Johann Kistler, odpowiedzialny za projekt „piątki”, zapewnia, że włożono wiele pracy i czasu w dopracowanie wrażeń zza kierownicy. Poza tym wprowadzono te same elementy wyposażenia, które ma najbardziej luksusowy model BMW, czyli „siódemka”.
Można się spodziewać, że nowe BMW serii 5 będzie bardzo zwinne, ponieważ taką ewolucję przeszła zaprezentowana niedawno „siódemka”. Dzięki większemu zastosowaniu aluminium i stali o wysokiej wytrzymałości „piątka” została odchudzona o ok. 100 kg, co ma oczywisty wpływ na spalanie. Bawarczycy nie zdecydowali się natomiast na wprowadzenie włókna węglowego w konstrukcji karoserii, jak to ma miejsce w „siódemce”. Z droższego modelu zaadaptowano tylne koła skrętne, które poprawiają nie tylko zwrotność, lecz także stabilność przy większych prędkościach.
Nowa „piątka” może jeszcze bardziej wyręczyć kierowcę w prowadzeniu i skuteczniej ostrzeże przed potencjalnymi zagrożeniami. Auto reaguje na: ruch poprzeczny, ograniczenia prędkości, niezamierzone opuszczenie pasa ruchu, zatrzymane pojazdy, a funkcja Lane Keeping działa teraz do 210 km/h. To ostatni etap przed wprowadzeniem systemu autonomicznej jazdy. Rosnąca popularność skłoniła inżynierów do zwrócenia się w stronę nowych klientów. Dlatego obecnie można zarządzać systemem pokładowym nie tylko za pomocą sterownika iDrive i głosu, lecz także gestami i za pośrednictwem dotykowego ekranu, co jest nowością w BMW serii 5.
W momencie debiutu będą dostępne cztery motory – dwa wysokoprężne i dwa benzynowe.

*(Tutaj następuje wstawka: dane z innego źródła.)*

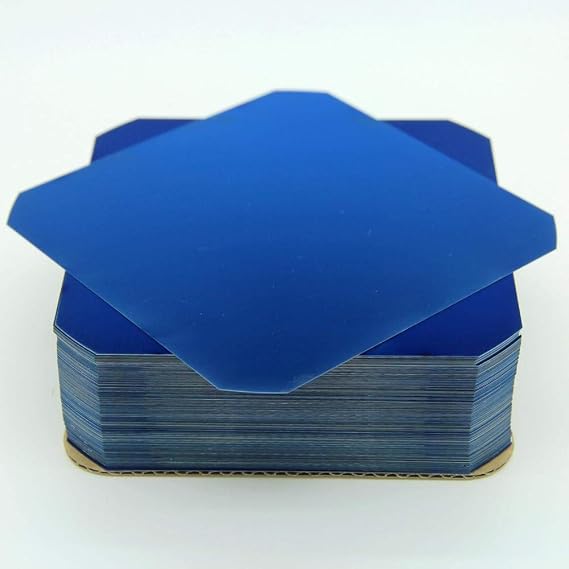 Sunpower New Solar Cell Flexible Mono Solar Wafer Monocrystalline Cells Tabbing for DIY Solar Panel High Efficiency 3.4W C60 5x5 Safe Packing (30)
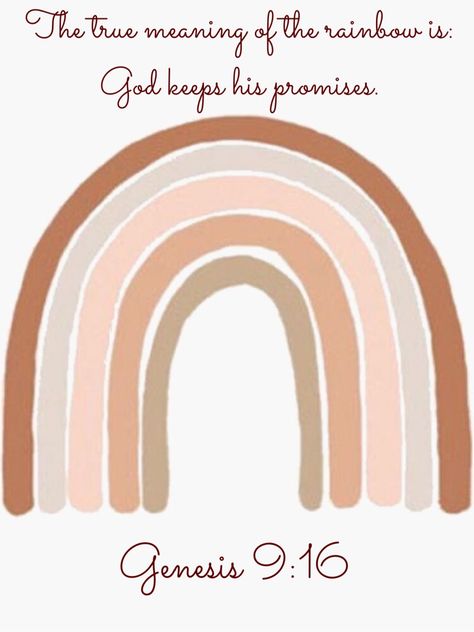 #rainbow #god #bible #promise #genesis #blessed #forever Rainbow Gods Promise Quotes, Gods Promise Rainbow, Gods Promises Quotes, Rainbow God, Handmade Notes, Rainbow Bible, Gods Promise, Promise Quotes, Bible Things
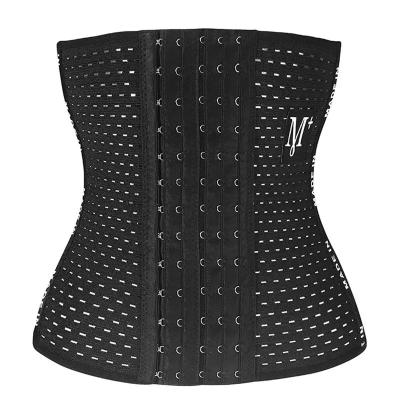 China Antibacterial whole factory direct sale permeability body control waist cincher shapewear waist trainer corset for sale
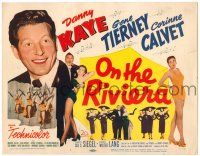 8p165 ON THE RIVIERA TC '51 Danny Kaye, sexy Gene Tierney & Corinne Calvet!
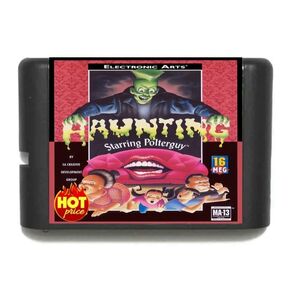 Haunting The Starring Poter Guy 16bit MD Game Card For Sega Mega Drive For Genesis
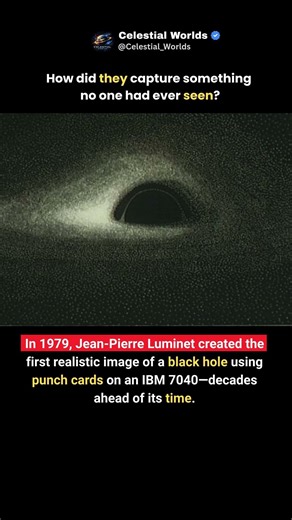 This Black Hole Image Predicted Reality Decades Early 😳 #trending #viral #shorts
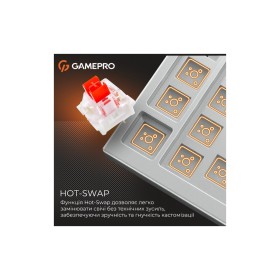 Клавиатура GamePro Genesis Metallic MK110W Outemu Red Switch USB UA White (MK110W)
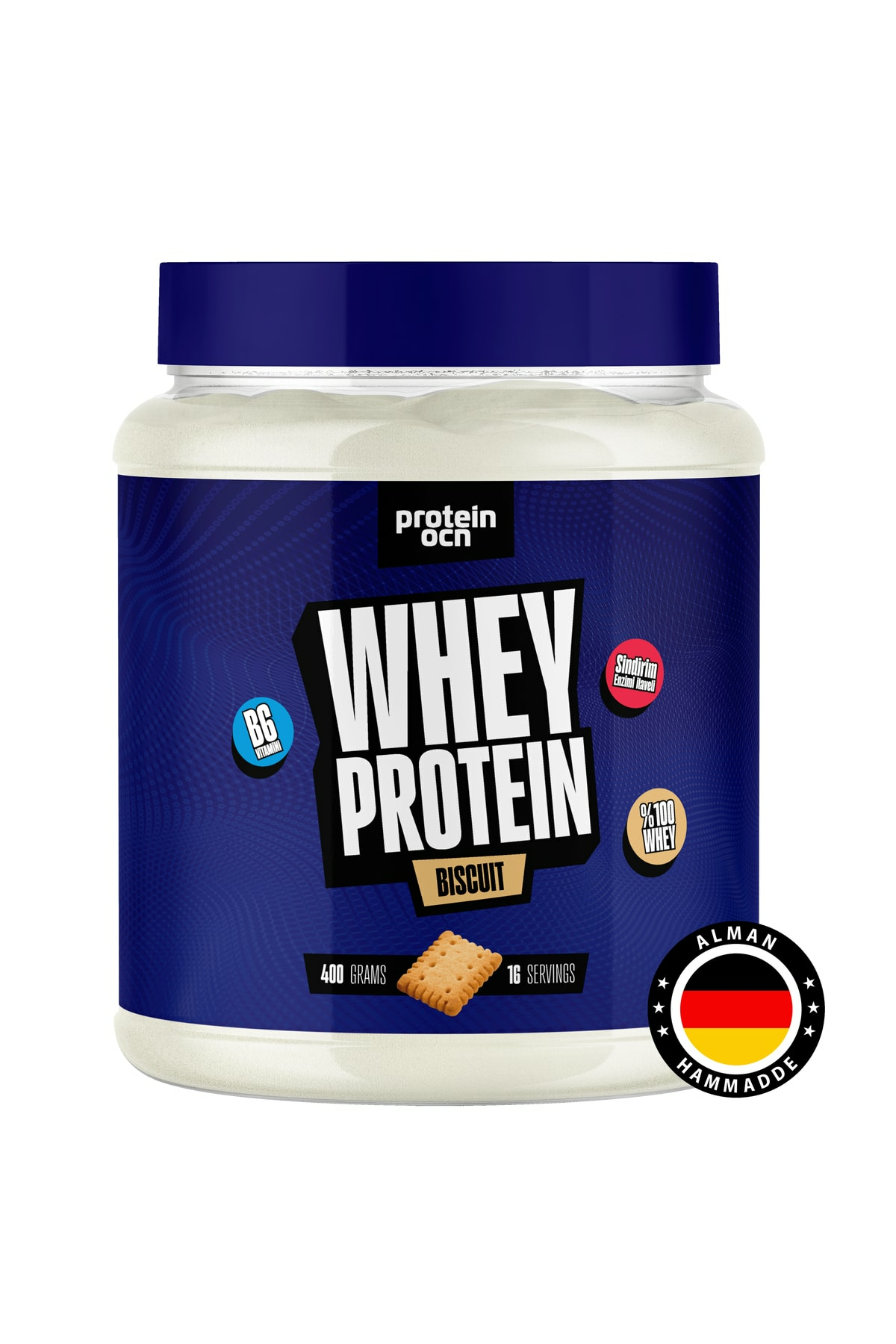 ProteinOcean Whey Isolate Protein Bisküvi 400 gr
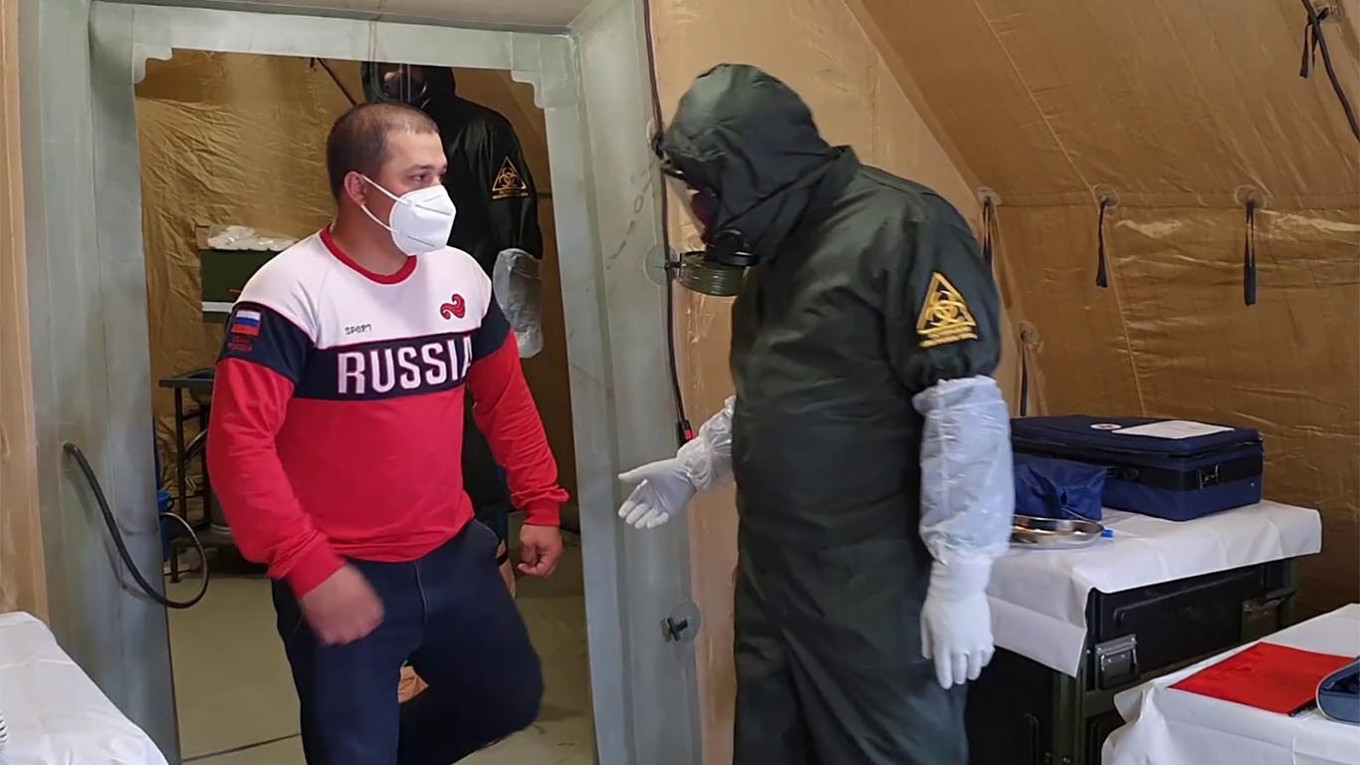 Russian Army Deploys Field Hospitals in Virus-Hit Dagestan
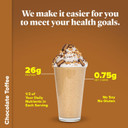 Keto Chow Chocolate Toffee - Keto Meal Replacement Shake Powder - Nutritionally Complete - Low Carb - Delicious Easy Meal Substitute - Protein Rich You Choose The Fat - Single Meal Sample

Wszystkie, poza słabszym dieslem (ręczna skrzynia w standardzie), współpracują z 8-biegowym „automatem”. Każda odmiana może występować z napędem na cztery koła. Miesiąc później do oferty dołączą też: hybryda typu plug-in 530e iPerformance z czterocylindrowym silnikiem benzynowym o łącznej mocy 252 KM, ekonomiczne 520d EfficientDynamics Edition z dieslem (190 KM) oraz usportowione M550i xDrive z V8 o mocy 462 KM, które osiąga „setkę” w 4,0 s.
Naszym zdaniem
Pierwsze wrażenia są bardzo dobre. „Piątka” ma dynamiczną i solidną sylwetkę, bardzo bogate wyposażenie i jest świetnie wykonana. Niebawem okaże się również, czy porwie nas wrażeniami zza kierownicy.